Cette triste nouvelle a pourtant des avantages. Le contact géologique est source de variété, paysagère mais aussi botanique. Les digitations carbonatées permettent la pénétration à l’ouest et au nord de nombreuses espèces calcicoles des bassins sédimentaires qui « forcent » ainsi les frontières du Massif Armoricain.
Mieux encore ! Certaines apportent avec elles un peu du « midi » et leur apparition traduit la rencontre des influences atlantique et méditerranéenne (nombreuses orchidées, plantes des milieux secs…).

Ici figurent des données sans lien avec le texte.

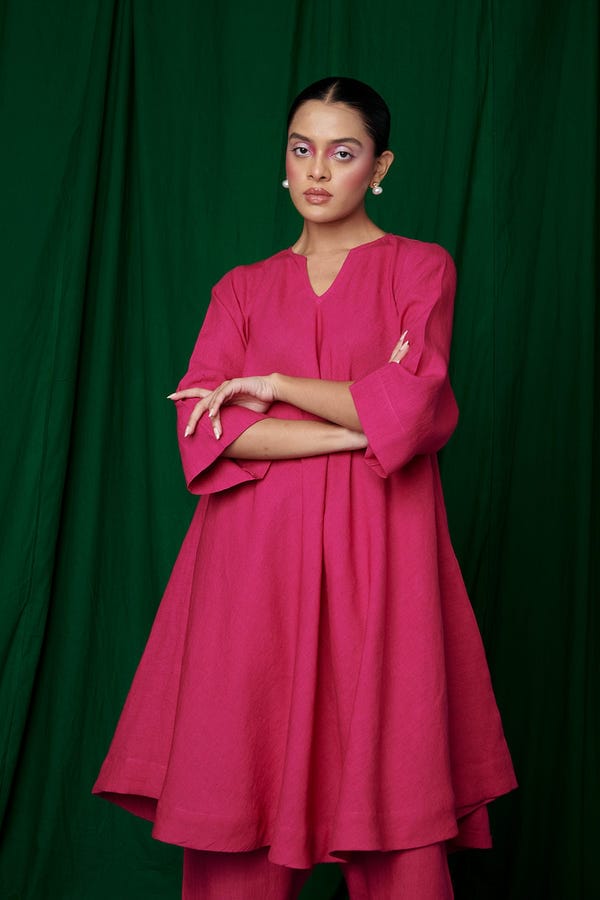 Saphed — Rani Linen Pheran Kurta Set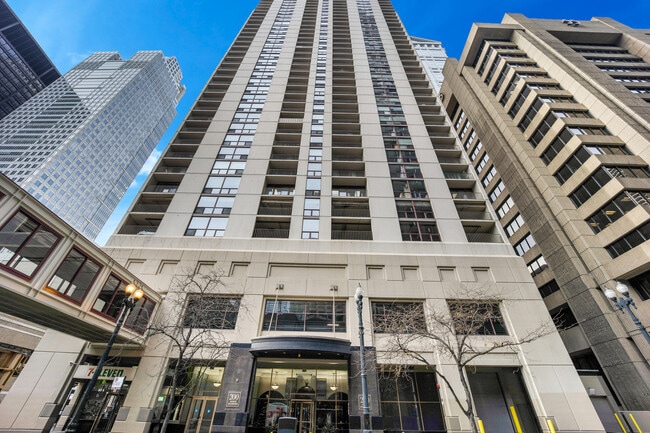 Building Photo - 200 N Dearborn St Rental
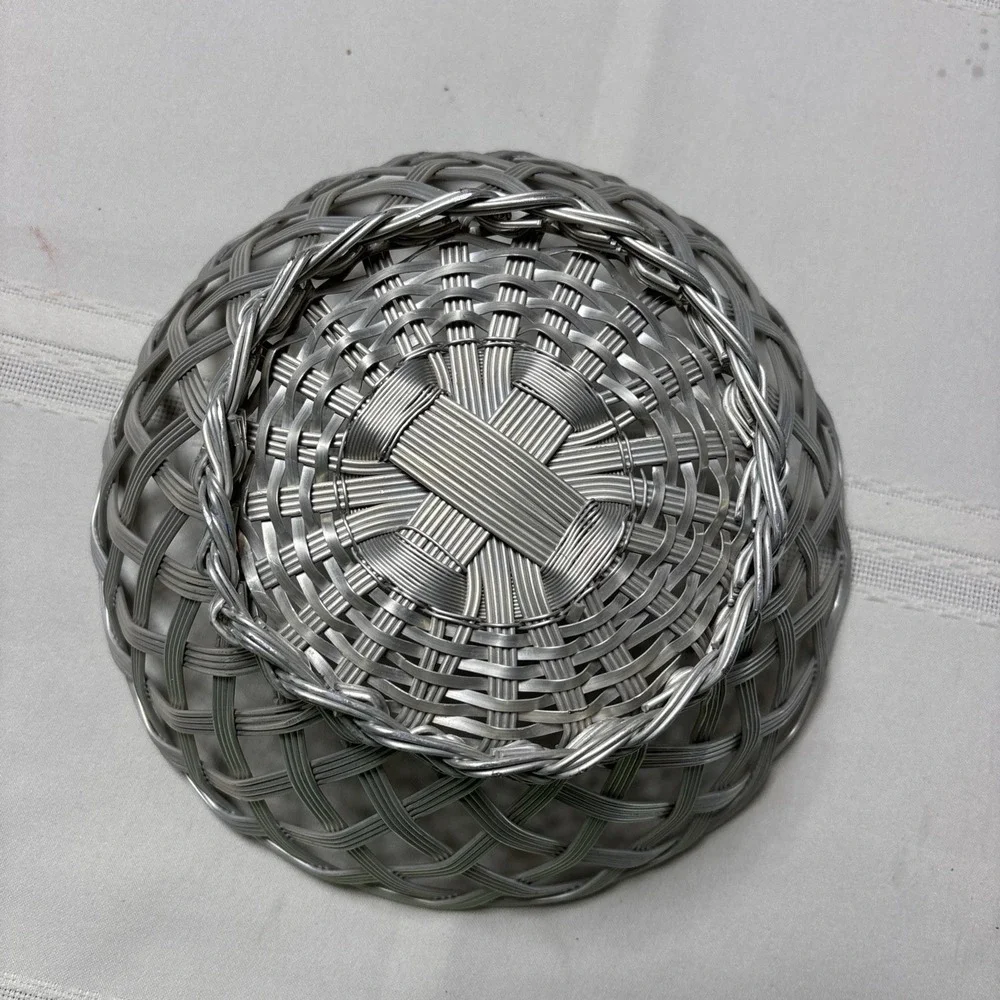 Vtg Aluminum Metal Art Basket Large Woven Bowl Fruits Bread Silver Tone 9.5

Parfois, cette particularité concerne des terrains apparemment entièrement siliceux : la flore « mélangée » qui les caractérise traduit alors d’anciennes « géographies », notamment des avancées bien plus occidentales des mers secondaires dont l’érosion a peu ou pas épargné les dépôts… La limite des anciens rivages, encore appréciable grâce à leur végétation mixte, est parfois distante d’une dizaine de kilomètres, voire vingt, du contact actuel massif ancien / bassin sédimentaire. Les indicateurs sont, par exemple, la clématite vigne-blanche (Clematis vitalba) que l’on peut « suivre » facilement des yeux (même en voiture !) dans des contrées entières pourtant très pauvres dont elle décore les arbres de ses toupets cotonneux très ostensibles ! Ou encore le brachypode penné (Brachypodium pinnatum), une graminée qui forme des ronds vert-jaunâtres très distincts en plein cœur de prairies acides, traductions de vestiges de petites lentilles calcaires (Suisse Normande, Alpes Mancelles) ! De quoi, pour les apprentis botanistes, y perdre leur latin ! Partons pour les aider à la découverte de ces « milieux intermédiaires » et de jolies particularités de quelques postes-frontière du vieux massif.
LES CARBONATES PROTÉROZOÏQUES ET PALÉOZOÏQUES
La sédimentation carbonatée résulte essentiellement de l’activité d’êtres vivants : il s’agit d’organismes produisant des coquilles ou de bactéries causant des précipitations. Il est donc particulièrement intéressant d’en trouver des « traces » dans les terrains très anciens du Massif Armoricain.
LES CALCAIRES DE LA MEAUFFE, LES PLUS ANCIENS DE FRANCE

Airel, Cavigny, La Meauffe (Manche)
À voir à moins de 30 km : les Landes de Lessay, les marais du Cotentin, Saint-Lô, les Roches de Ham
Les calcaires de La Meauffe, datés du Briovérien inférieur (Protérozoïque) et contemporains des Schistes de Saint-Lô avec lesquels ils entrent en contact, sont considérés comme les plus anciens de France. Ils affleurent à une dizaine de kilomètres au nord de Saint-Lô, sur les bords de la Vire, entre Pont-Hébert et Cavigny. Cette lentille de calcaires durs et noir-bleuté, coupée d’étroits filons de quartz et de calcite (forme cristallisée du carbonate de calcium), constitue l’assise d’un site où se mêlent petits coteaux secs, boisements, prairies humides, carrières et cavités.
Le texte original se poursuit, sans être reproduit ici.